Na terça-feira o anúncio do PIB trimestral no Jornal Nacional pelo menos corrigiu um antigo erro da Globo. Ela teimava em anunciar o PIB como "a soma das riquezas nacionais". Ora, tal soma incluiria, por exemplo, o prédio onde moro, parte do PIB de um ano perto de 1960. Desta vez a referência foi ao valor total dos bens e serviços produzidos pelo País num determinado período de tempo. Caberia adicionar que a medição é pelo "valor adicionado em cada estágio das cadeias produtivas", mas quem iria entender isso?
Os resultados do PIB do terceiro trimestre estão em muitas manchetes e reportagens e são mais um capítulo de uma novela ainda sem final feliz. Ficando apenas no resultado acumulado nos últimos quatro trimestres relativamente aos quatro trimestres anteriores, que dá uma ideia aproximada do que será a taxa no final do ano, a taxa calculada foi de 2,3%. Como só resta um trimestre para fechar 2013, esse número prenuncia outra taxinha anual para o Pibão que teima em não crescer mais rápido e satisfatoriamente.
Desta vez o que mais me chamou a atenção foi que duas altas autoridades do governo federal, inclusive a maior delas, poucos dias antes do recente anúncio pelo IBGE se equivocaram ao falar sobre as novas taxas de variação do PIB que viriam, juntamente com a retificação de outras já anunciadas no passado.
O ministro Guido Mantega, da Fazenda, continuou insistindo em previsões com o viés otimista de seu agrado. Na divulgação do PIB trimestral anterior, do segundo trimestre de 2013, em setembro, até que veio uma taxona, de 1,5% relativamente ao trimestre anterior.

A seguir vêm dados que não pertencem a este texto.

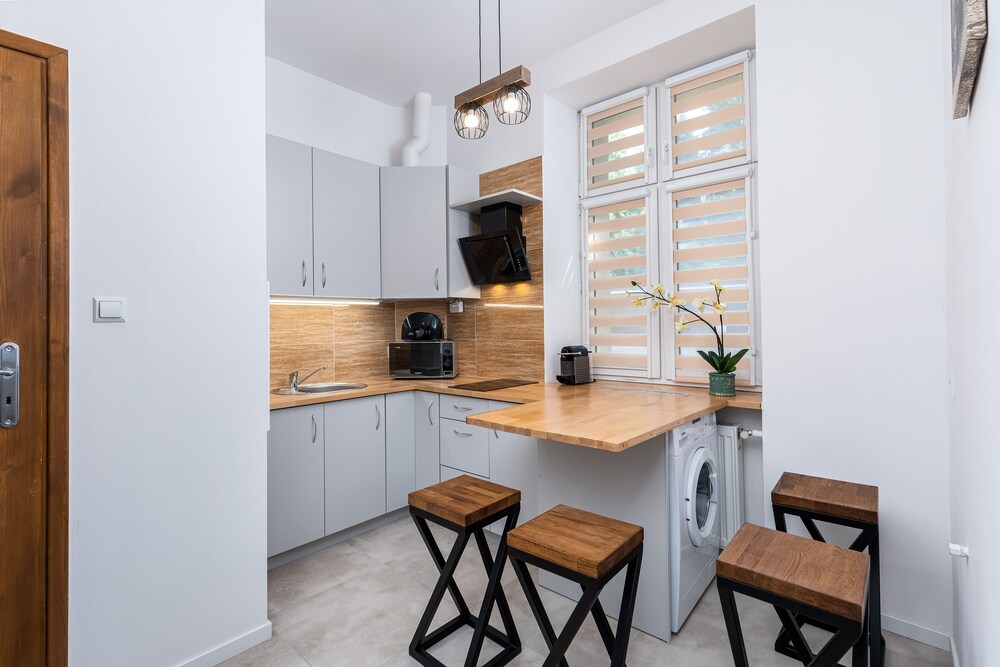 Foto - 1898 Parkside Boutique Residence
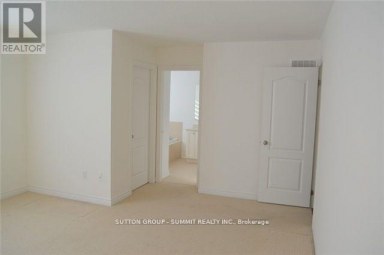 36 DENALI CRESCENT Brampton (Bram East) Ontario photo 15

Mas sem sustentação, pois em larga medida refletia especificidades do trimestre, como o ótimo desempenho dos agronegócios na época de safra. Na ocasião Mantega empolgou-se e disse: "O pior já passou. O fundo do poço foi superado (...)".
Um dia antes do recente anúncio do IBGE ele ainda mantinha essa visão ao dizer que "o crescimento do terceiro trimestre está projetado em 2,5%, ante o mesmo período de 2012, e fica claro que vivemos uma recuperação do que foi o fundo do poço, em 2012". Bem, essa taxa foi de 2,2%, na esteira da taxa negativa do trimestre relativamente ao trimestre anterior, muito distante da recuperação vivenciada pelo ministro.
Quem também se saiu mal na foto foi a presidente Dilma Rousseff, que numa entrevista ao jornal espanhol El País, no mês passado, disse que a taxinha anual do PIB de 2012, calculada pelo IBGE em 0,9%, seria reavaliada para 1,5%. Veio a reavaliação, mas quase insignificante, elevando a taxa anterior para 1%.
Errar é humano, mas erros ministeriais ou presidenciais diminuem a confiança nas autoridades governamentais e na sua política econômica, agravando o descrédito com que esta já é vista nos meios financeiros e empresariais em geral. Assim, minha indisposição contra esses erros se volta também para suas implicações.
Quanto aos erros em si, há uma questão metodológica que só aprendi quando estudava para ensinar, pois quem é professor estuda muito mais que quando aluno. E lecionei Estatística Econômica e Econometria, o que em parte explica esses cacoetes meus contra o "pibinho" e a menção do PIB como a soma das riquezas nacionais. Aprendi então que não se deve fazer uma previsão expressa apenas por um número, como as do ministro Mantega e praticadas também no mercado financeiro. A previsão deve ser feita por intervalos, em face das incertezas que cercam o futuro a que ela se refere.
Suponhamos que as previsões da variação anual do PIB de 2013 sejam feitas apenas por números de uma casa decimal. Ora, de 2% a 2,5%, onde está a maioria das previsões dos analistas, há seis desses números e prever apenas um deles seria como jogar um dado, caso em que a probabilidade de acerto é só de uma em seis jogadas. Assim, quem se fixar na previsão de apenas um número terá maior probabilidade de errar.
Portanto, autoridades governamentais deveriam evitar previsões, mas, se optarem por fazê-las, deveriam usar intervalos, o que reduziria bastante seu risco de erro.